A propos des caricatures de Charlie-Hebdo, on a parlé de blasphème et de sacrilège qu’il fallait punir. Qu’en est-il en réalité ? Et qui est autorisé en islam à décréter une punition et à l’exécuter ? Relevons pour commencer qu’aucune fatwa n’a été invoquée pour les meurtres du 7 janvier dans l’attaque de Charlie-Hebdo et encore moins pour ceux du 9 janvier dans l’hypermarché casher. Quant au sacrilège, un dessin suffit-il pour le commettre et quel type de dessin ? On se garde bien de le préciser, pour laisser accroire au musulman ordinaire que toute représentation en image du Prophète est interdite. Pourtant, Muhammad en dessins et en BD n’est pas une nouveauté, loin s’en faut ! Et les réactions suscitées furent toujours contrastées comme il est normal.
Au sein de l’islam, l’image a toujours eu des partisans et des opposants. La caricature n’existait pas au Moyen Âge et aucun théologien ancien n’a évidemment pu l’interdire. Quant à représenter le Prophète en image, les musulmans l’ont fait bien avant les Européens, dans des enluminures qui ornent de magnifiques manuscrits persans et turcs. Des débats avaient opposé alors les théologiens musulmans, à coup d’arguments religieux, sans empêcher les dessins.
Par contre, ce qui est sûr, c’est que toute atteinte au Prophète est tenue pour sacrilège par les hommes de religion. Seraient-ils d’ailleurs encore dans leur rôle s’ils se taisaient ? Or on a brouillé les frontières entre la satire et le dessin, afin d’imposer l’interdiction totale, et par conséquent la pensée unique. Le dessin, la fiction et le film sont devenus depuis quelques décennies, autant que la caricature, un terrain de lutte pour imposer une seule vision religieuse.
Posons donc la question : est-il licite ou non de dessiner le Prophète en islam ? Il y a cinquante ans, un éminent lettré musulman de Damas, Salah al-Dîn al-Munajjid répondait par l’affirmative en créant une collection de biographies des grands hommes de l’Islam dont la première était consacrée au Prophète. La Vie de Muhammad, parue dans les années 1960 dans sa propre maison d’édition, Dar al-Kitab al-Jadid, s’inspirait clairement du style de la BD de l’époque, la même sans doute dont s’étaient nourris les caricaturistes assassinés.

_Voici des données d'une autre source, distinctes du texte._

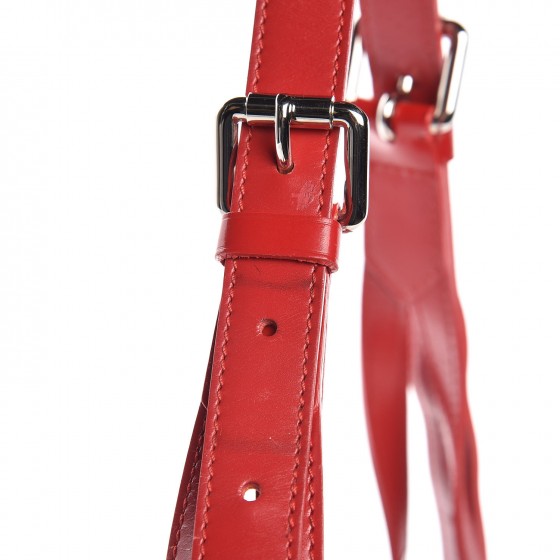 Louis Vuitton Epi Mandara MM Rouge 15 of 18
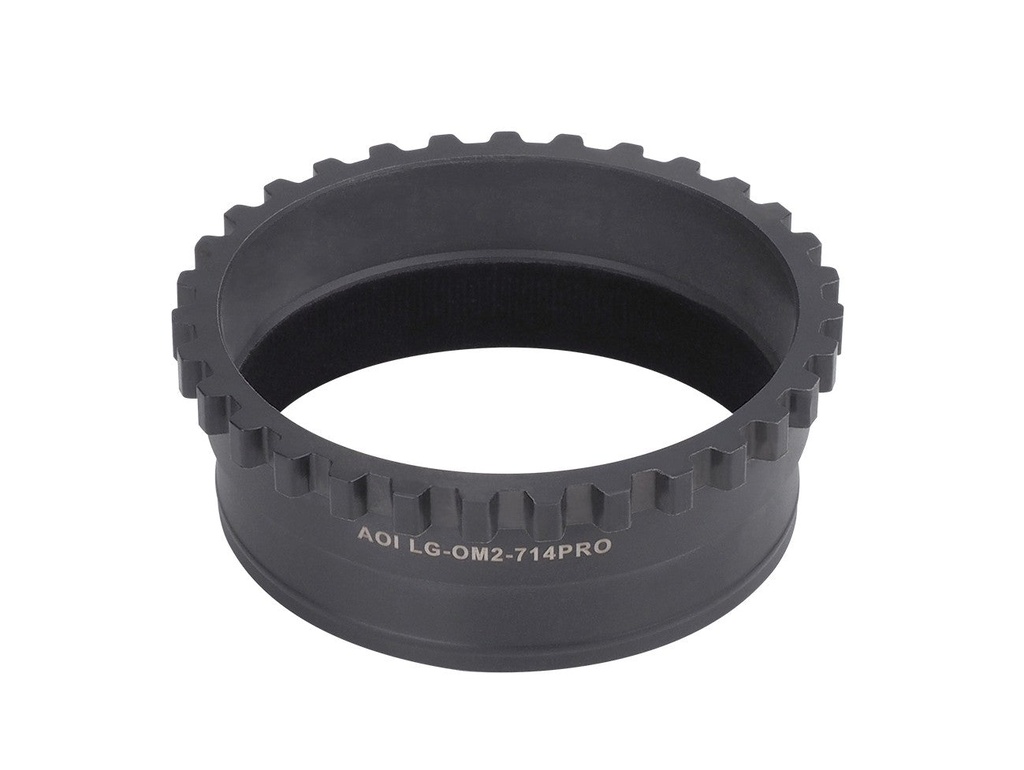 AOI LG-OM1-714ASPH Zoom Gear for Lumix G Vario 7-14mm f4.0 ASPH
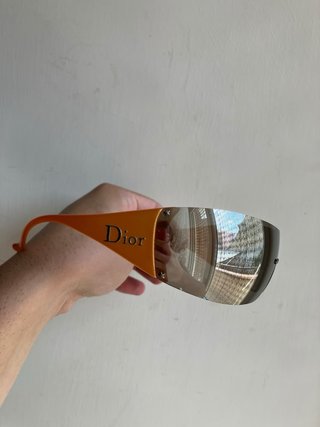 Occhiali Christian Dior Mascherina Vintage Y2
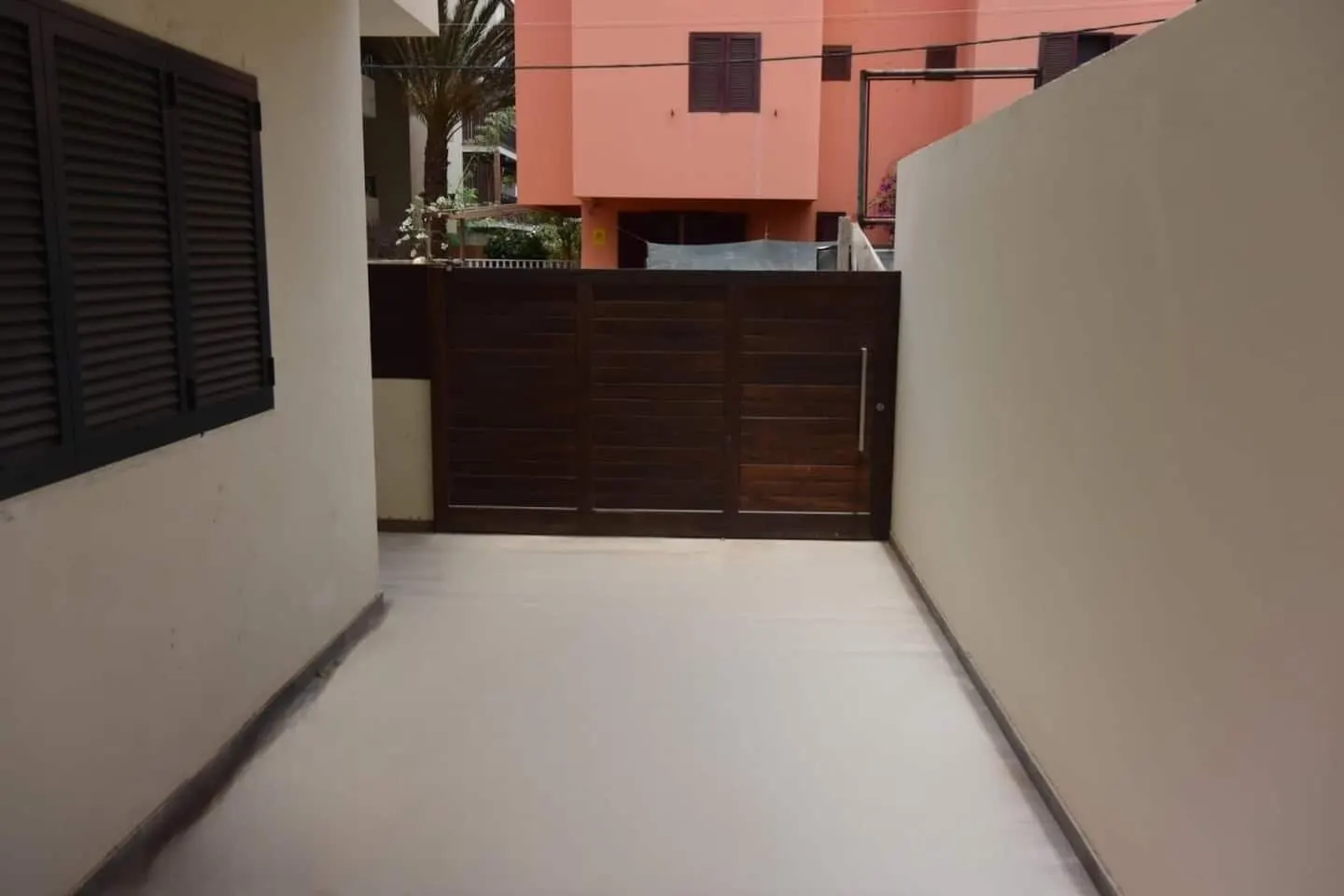 Casa Brothers no. 2 — Courtyard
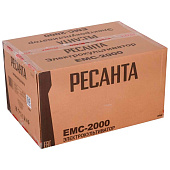 Культиватор электрический Ресанта EMC-2000, 2кв., 40см, 1 вперед Культиватор электрический Ресанта EMC-2000, 2кв., 40см, 1 вперед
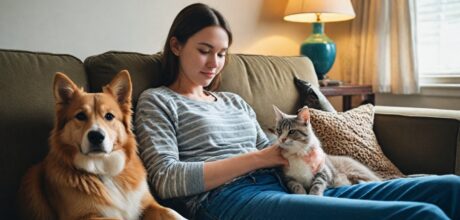 Como cuidar de pets dentro de casa: guia completo e prático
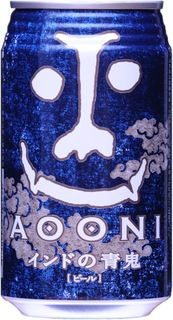 Yoho Indo No Aooni 350ml-24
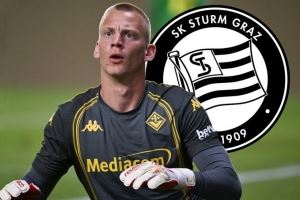 德天空：佛罗伦萨门将奥利弗-克里斯滕森即将租借加盟格拉茨风暴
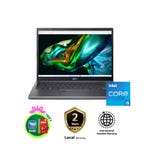 Acer Everyday Laptop - Aspire 5 | A514-56M-51NZ (Steel Grey), Intel® Core™ i5-1335u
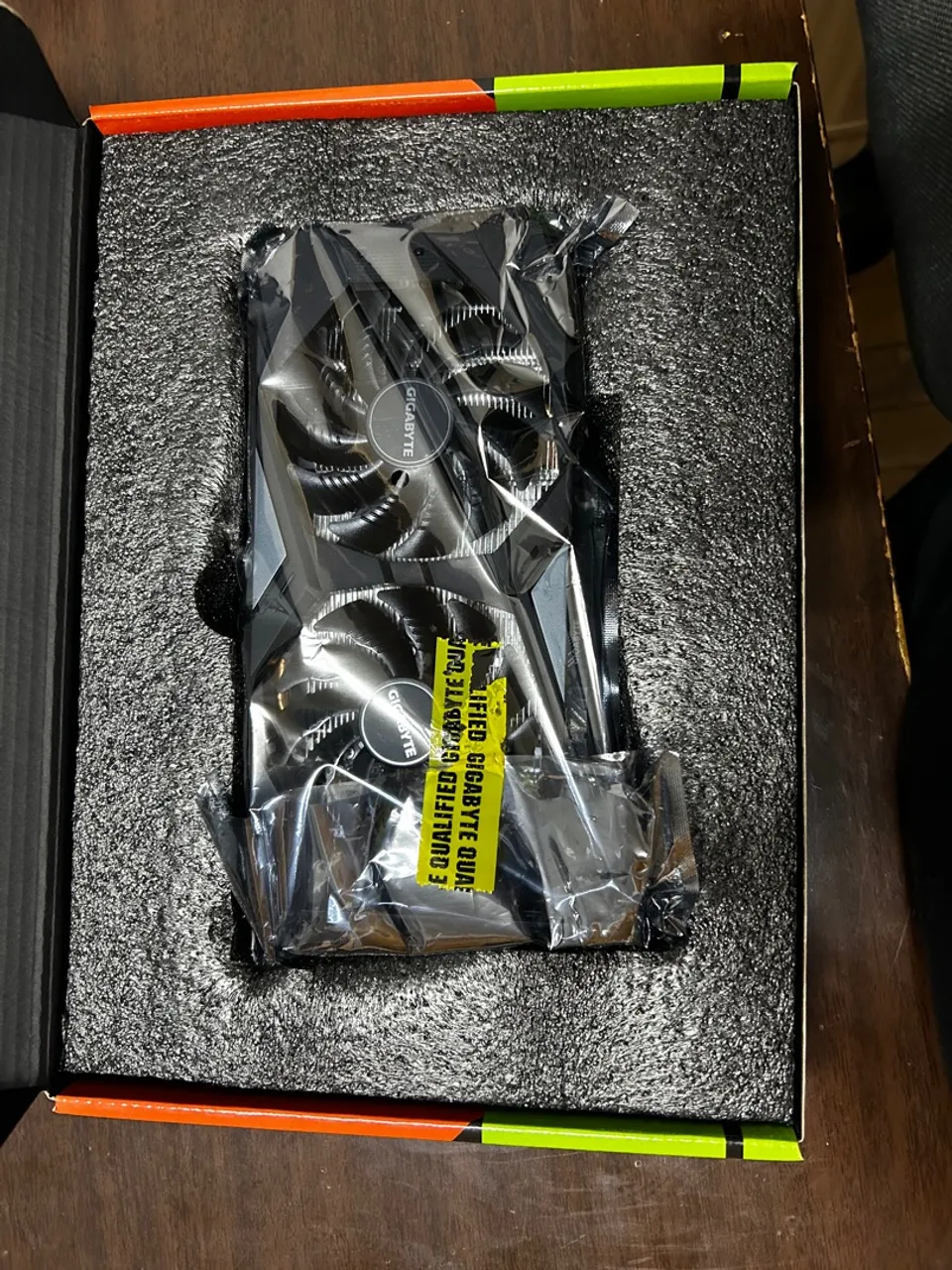 Placa de Vídeo GeForce RTX 2060 OC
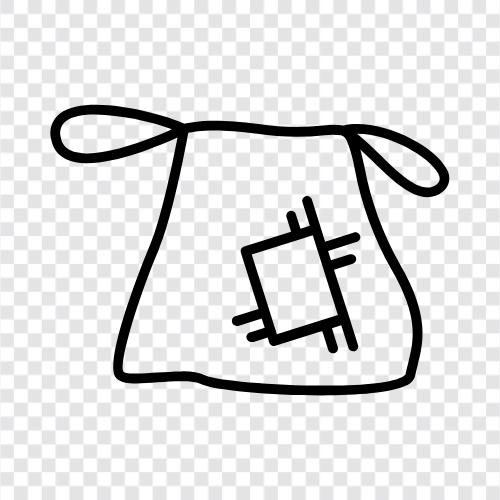 Schulter, Schultertasche, Tote, Tasche symbol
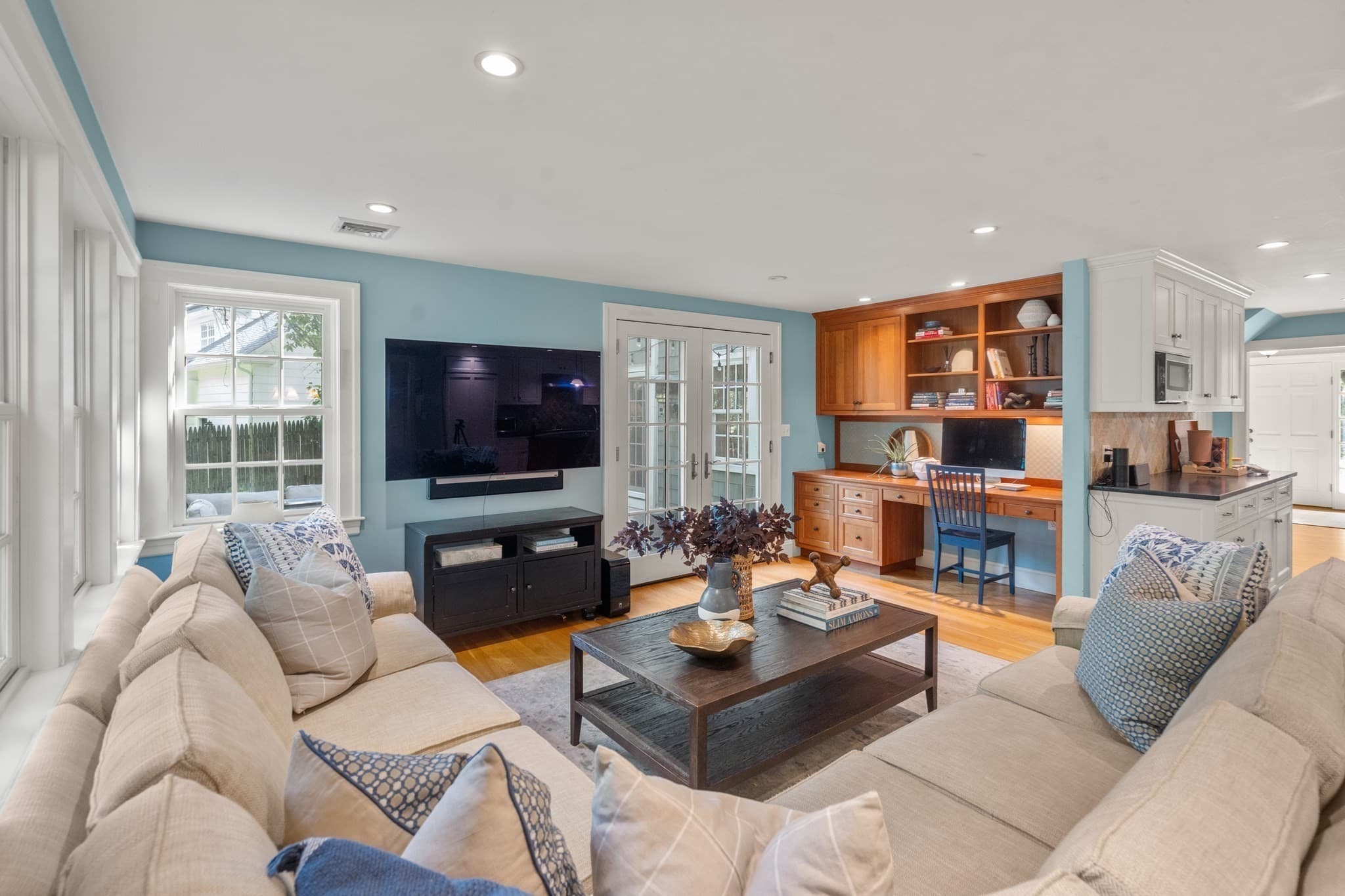 Single Family Residence at 104 Fairbanks Avenue, Wellesley MA 02481, Wellesley, photo 18 of 42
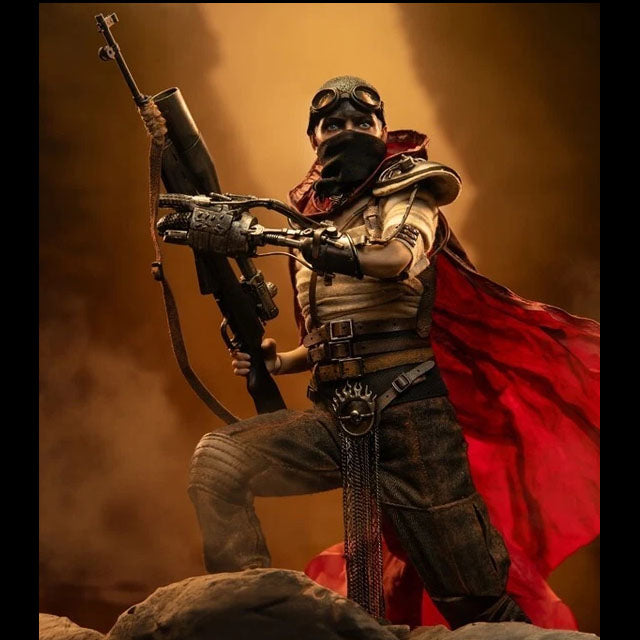 Mad Max : Fury Road - Figurine 30 cm de Imperator Furiosa - Fury Goddess - PT0013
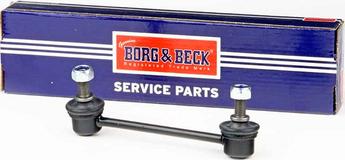 Borg & Beck BDL6966 - Тяга / стойка, стабилизатор autospares.lv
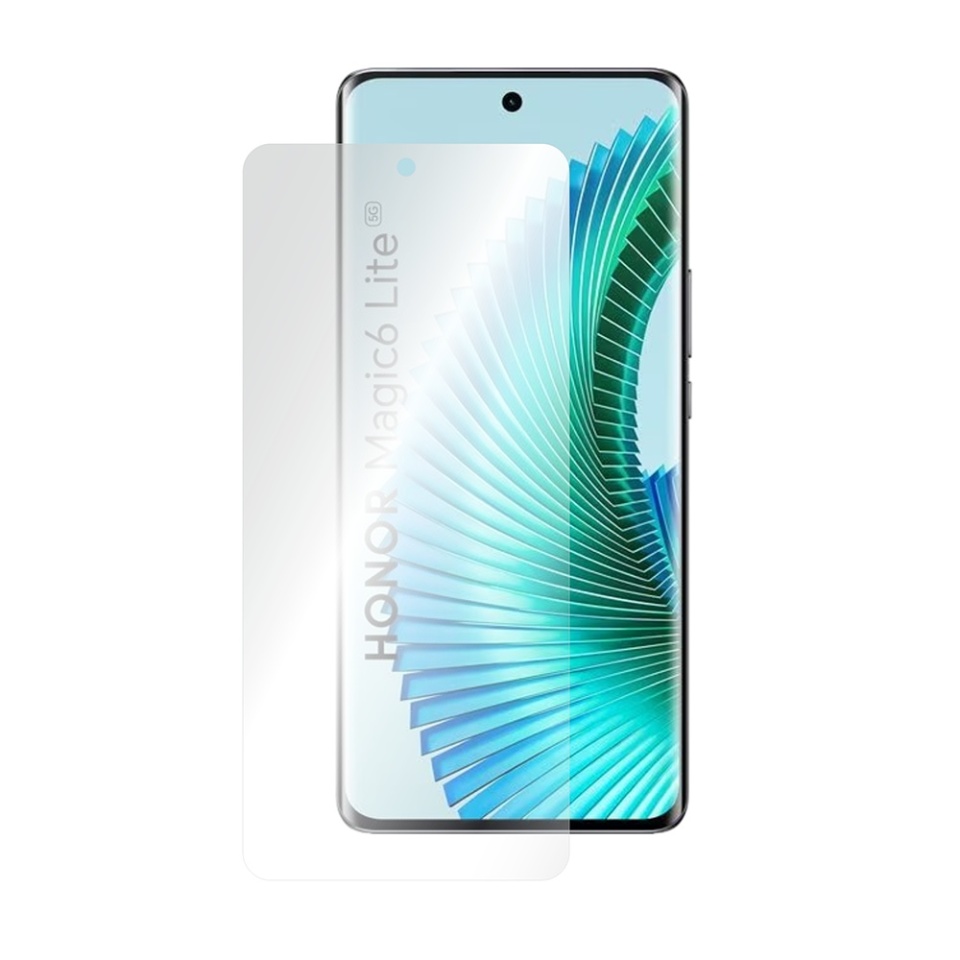 [SET 2x] Folie de protectie Honor Magic6 Lite, Premium Classic, Smart Protection, Transparent - 1 | YEO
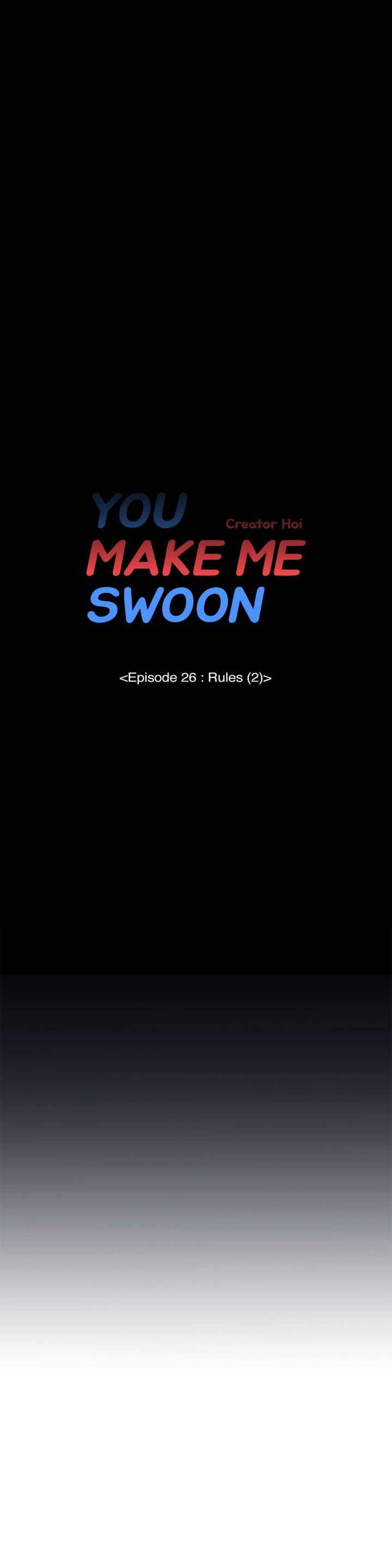 You Make Me Swoon Manhwa - Chapter 26 Page 5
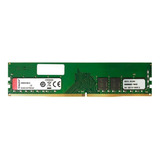 Memória Ram Valueram Color Verde  16gb 1 Kingston Kvr26n19s8/16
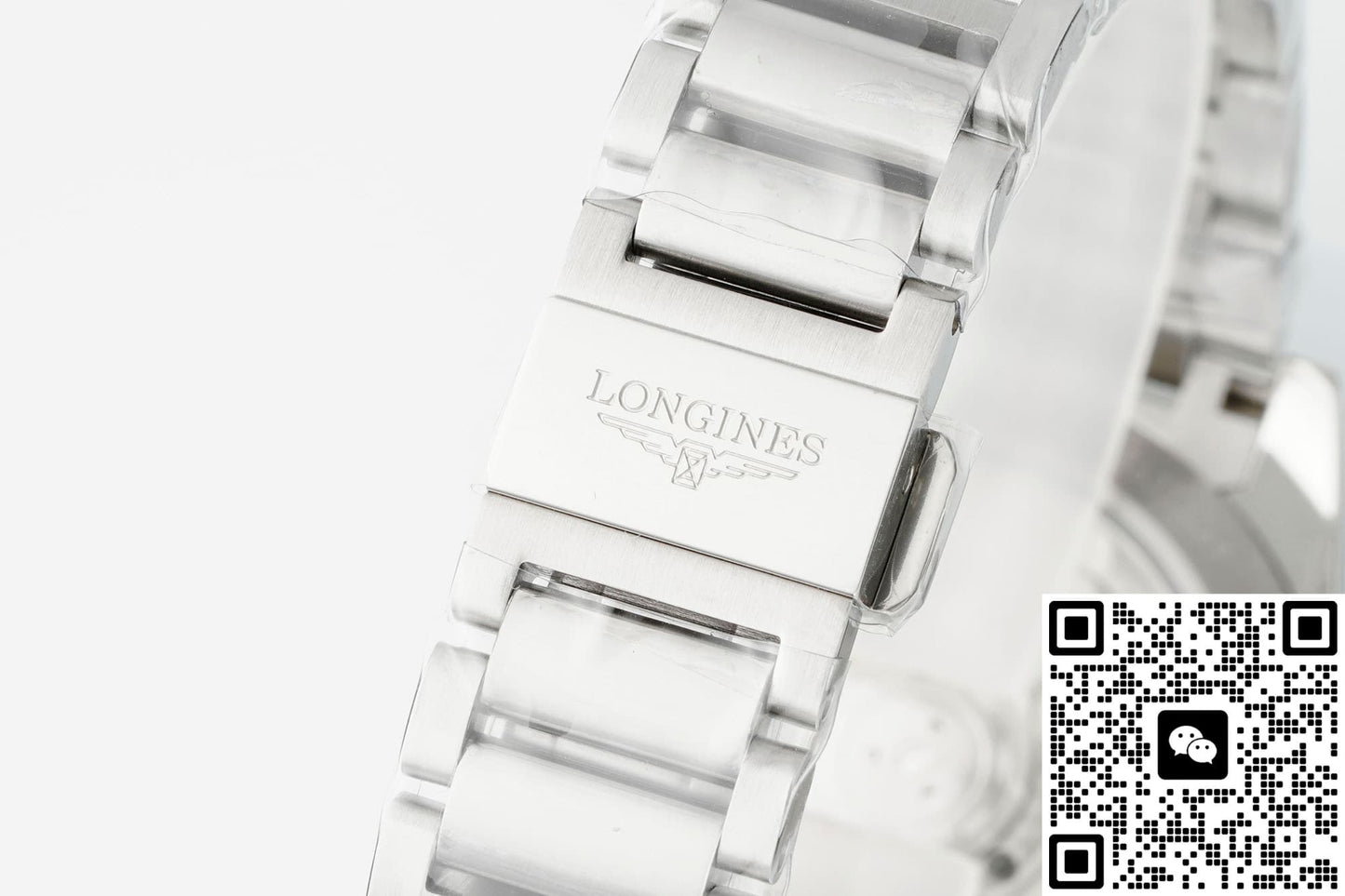 Longines Concas L3.720.4.62.6 AF Factory Stainless Steel Strap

Dans la préface de sa collection, Salah al-Din al-Munajjid (1920-2010) explique qu’ « elle est destinée aux enfants musulmans de tous pays dans le but de leur exposer la vie des grands hommes de l’Islam, dans un style narratif attrayant et simple, qui séduise les petits et ne lasse pas les grands. »
« Ce qui nous a poussé à publier cette collection, ajoute-t-il, c’est le constat que nous avons fait que nos enfants et nos étudiants en ont un besoin pressant. Car ils ne trouvent pas des livres qui les instruisent, ni des revues qui conviennent à leur esprit et à leurs habitudes, ni des récits qui leur relatent les gloires de leur nation et la grandeur de leurs ancêtres. »
C’est clairement une collection pour instruire tout en restant attractive. Une collection « culturelle » qui fournit des modèles de comportement et montre que ces hommes du passé sont devenus grands grâce aux principes de l’islam. Et c’est tout naturellement qu’il commence par Muhammad, le premier de ces grands personnages.
Blasphème ? Salah al-Din al-Munajjid aurait été bien surpris qu’on l’en accuse, lui qui voulait inculquer par le dessin les principes de l’islam ! Appelé le « Sindbad des manuscrits », il a consacré sa vie à l’édition de textes arabes anciens du patrimoine, du turâth, en d’autres termes de textes religieux aussi bien que non religieux.
Il ne fut d’ailleurs pas le seul à vouloir appliquer les techniques modernes à la diffusion des enseignements ou des informations sur l’islam. Un quart de siècle plus tard, le 18 janvier 1990, le Tunisien Youssef Seddik se voit interdire son Coran en BD, pourtant respectueux, par le Conseil supérieur islamique tunisien. On était alors en pleine affaire Salman Rushdie… Le terrorisme intellectuel triomphait au prix de dizaines de morts. Il continue aujourd’hui de sévir.